- [What to do]
Every line below needs to be printed again exactly, without any of its pictures.

(Collected data Opens)

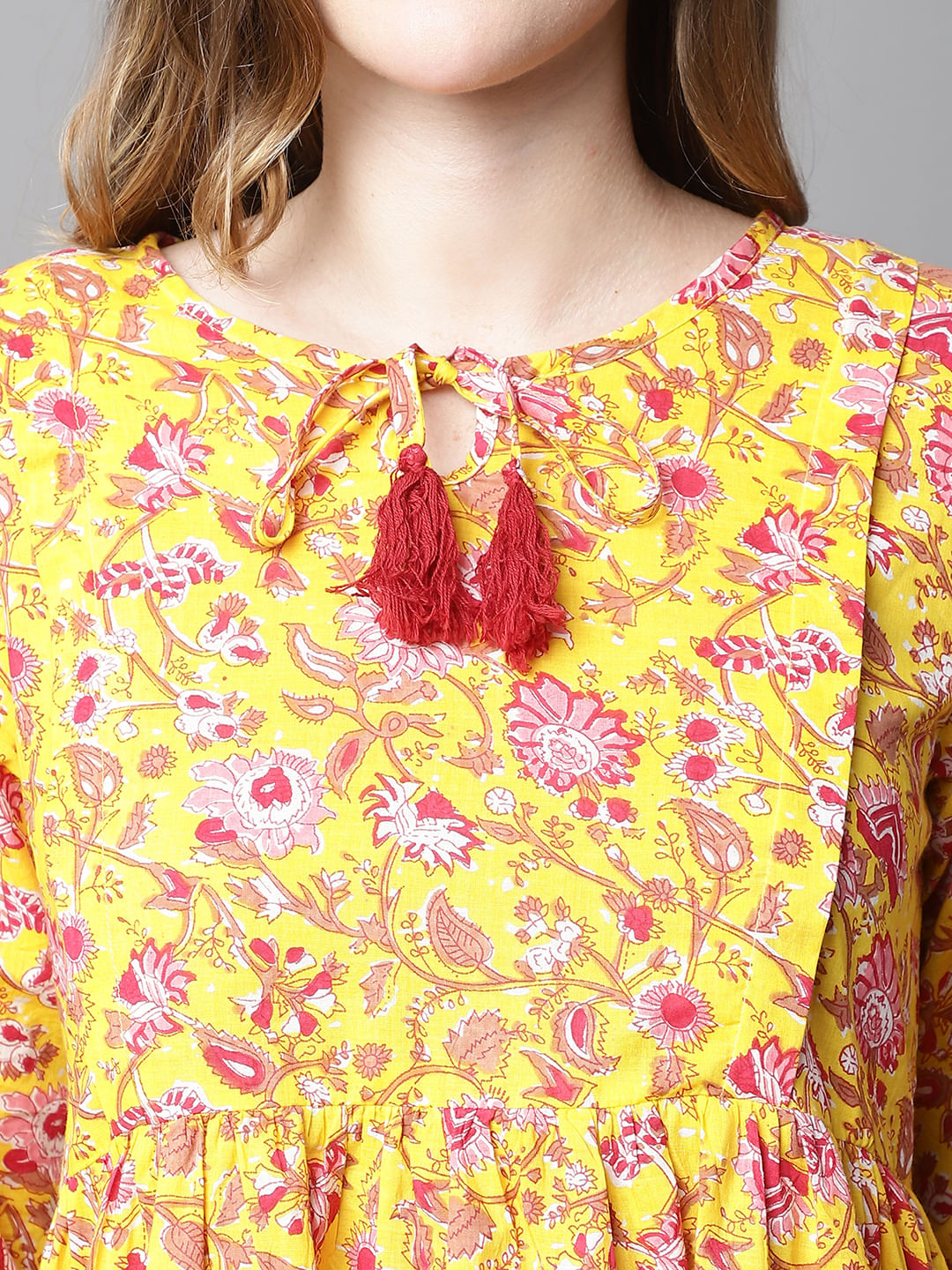 Yellow & Red Cotton Floral Maternity Night Suit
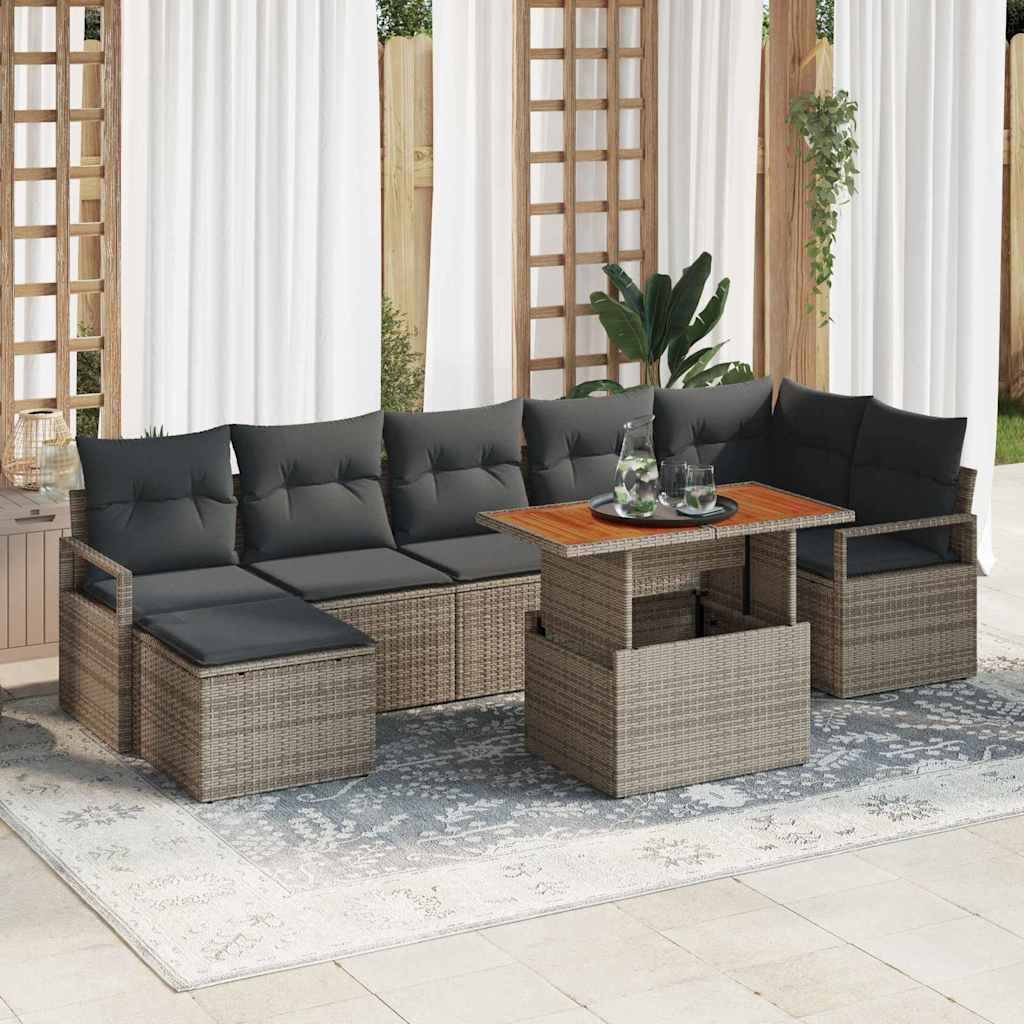 Set Divano da Giardino 8 pcs Grigio Poly Rattan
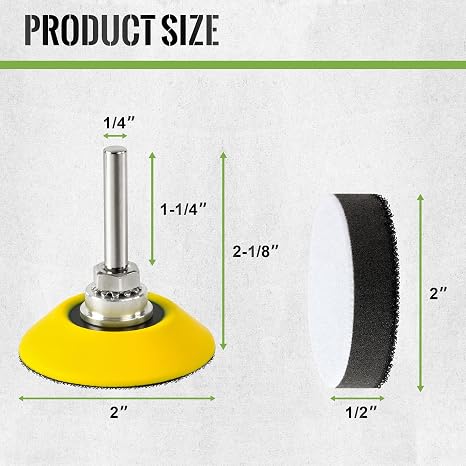 2 Inch Hook and Loop Sanding Pad for Sanding Discs with 1/4 Inch Shank and Soft Foam Layer Buffering Pad, Sander Attachment for Drill, 5 Pack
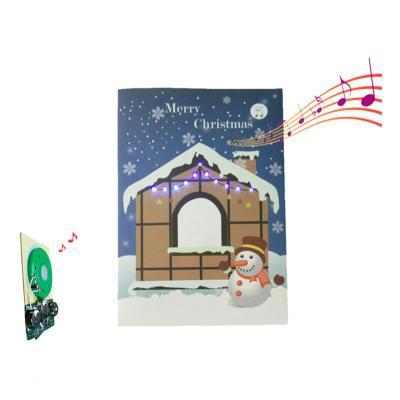 China Europe Pre-Recording And Sound Card Recordable Christmas Music Greeting Module Customized With LED for sale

(Collected data Closes)

- [Response area]
 Yellow & Red Cotton Floral Maternity Night Suit
 Set Divano da Giardino 8 pcs Grigio Poly Rattan
 2 Inch Hook and Loop Sanding Pad for Sanding Discs with 1/4 Inch Shank and Soft Foam Layer Buffering Pad, Sander Attachment for Drill, 5 Pack
 China Europe Pre-Recording And Sound Card Recordable Christmas Music Greeting Module Customized With LED for sale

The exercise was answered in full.